Свет розовый, мягкий, амариллис вздыхает, а в белом красные тени. Только без елки — запах похорон не под силу. Чистота, в ней тихо и мягко, а снаружи — предпраздничное брожение. Город уже побрел, еще не лихо, но уже. Сияние, и я — посредине, сначала покой, бесконечный, и гордость, что у меня такое, а потом вдруг взорвалось все: да за что же я одна?!
На рынок, чтоб не завыть, где нет ужаса и пустоты, там всякие цели, там купить-продать и сделать кому-то подарок, там всяк со своим злом-добром, там не один. Посредине рынка я вспомнила о празднике желудка. Ну, раз о желудке — значит, уже в норме.
На рынке я лет пять ничего не покупала, вдруг вижу: чернослив холмами, мама с ним капусту тушила, во мне детство всплыло: тушеное с черносливом, мамин фартук, прихваточки вышитые и шипенье кастрюлек, под каждой крышкой — по празднику.

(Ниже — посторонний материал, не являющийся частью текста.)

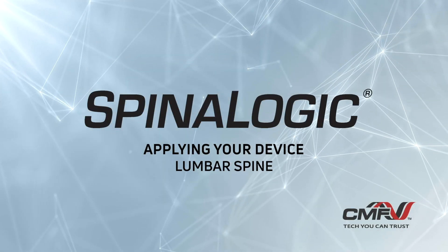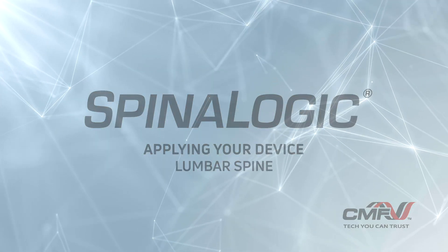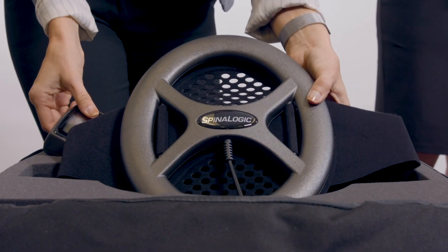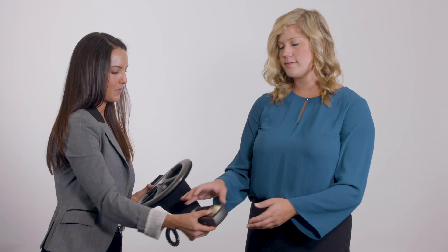Applying your device to the lumbar spine. Open your device carrying case and remove the coil along with its belt and attached control unit.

Кавказца я выбрала с поверхности посговорчивее, чтоб пообщаться о цене и покупке, спрашиваю — почем? Кавказец мне — десять. Смотрю. Маленький, черный, сам сухофрукт морщеный, как только цифра в нем засела, скелетик в нем жалкий, пенсионный, в фунтике с черносливом и завернется. Куда — общаясь — доходы, отец, помещаешь? В швейцарский банк, что ли? Подумала — может, хоть отшутится за такую цену. А он — акцентик от презрения какой-то лягушачий: проходи, не загораживай. У меня с души как штукатурка посыпалась: отец, я ж на зарплату живу! — А кто тебе виноват?.. И даже к лицу не повернулся из своего профиля. Я по инерции — Новый год впереди, новый, новый, кто ж меня возьмется осчастливить? — ладно, вешай! Он мимо и брезгливо, и ни звука. Поняла — ждет, пока хоть полкило попрошу, а полкило мне куда? Объявляю: двести бы, и пятерку ему, рука опьянела, бумажка к земле пригибает, тяжела, как горшок, а ногти чернее чернослива, отгрызла бы вместе с пятеркой прочь. Из-за сушеной горы мой каракулевый глянул ответным трояком на бреющем полете. Сдачей одарил, и я взяла.
А надо бы, наверное, не брать, а, Эрих Мария?
Соскребаю свои двести с весов, кавказец не шевелится, рядом ржет кто-то крупным невыбритым басом — двое той же породы, пальтишко мое им по душе, и меня вместе с ним снять готовы, задешево или за бутылку. Дэушка, а дэушка?
Чернослив — в темноту, в карманные глубины, и сквозь строй, авось за драпчик старый не лапнут, а то убивать пойду. Ничего не вижу, скользко от плевков, на спине черные взгляды, сама себе противна. Липкое — даже бумажки не бросил завернуть — прямо в кармане, к подкладке прикипело сладкой немытой гнилью, и теперь — и рука и снег и внутри и снаружи — липкое все.
Новый, новый, новый год.
А по дороге человек обезноженный, нищий, лысиной в подошвы поклоны бьет, чтоб о голову споткнулись и заметили. Все — мимо, и не злые вовсе, может, а из торговли, перегруженные и сытые. Во мне колокол бахнул — господи, да человеку ж хуже, чем мне, чем любому, последнему, чем из нас каждому! Это ж половинка человеческая мучается, а я-то на каком основании? Руки-ноги на месте, квартира есть, год еще новый, а если не выйдет, как надо, то кончится же когда-нибудь и заново начнется, и если уж не с первого января, то с другого понедельника — всегда можно начать жить. Да я, может, и горшки свои люблю!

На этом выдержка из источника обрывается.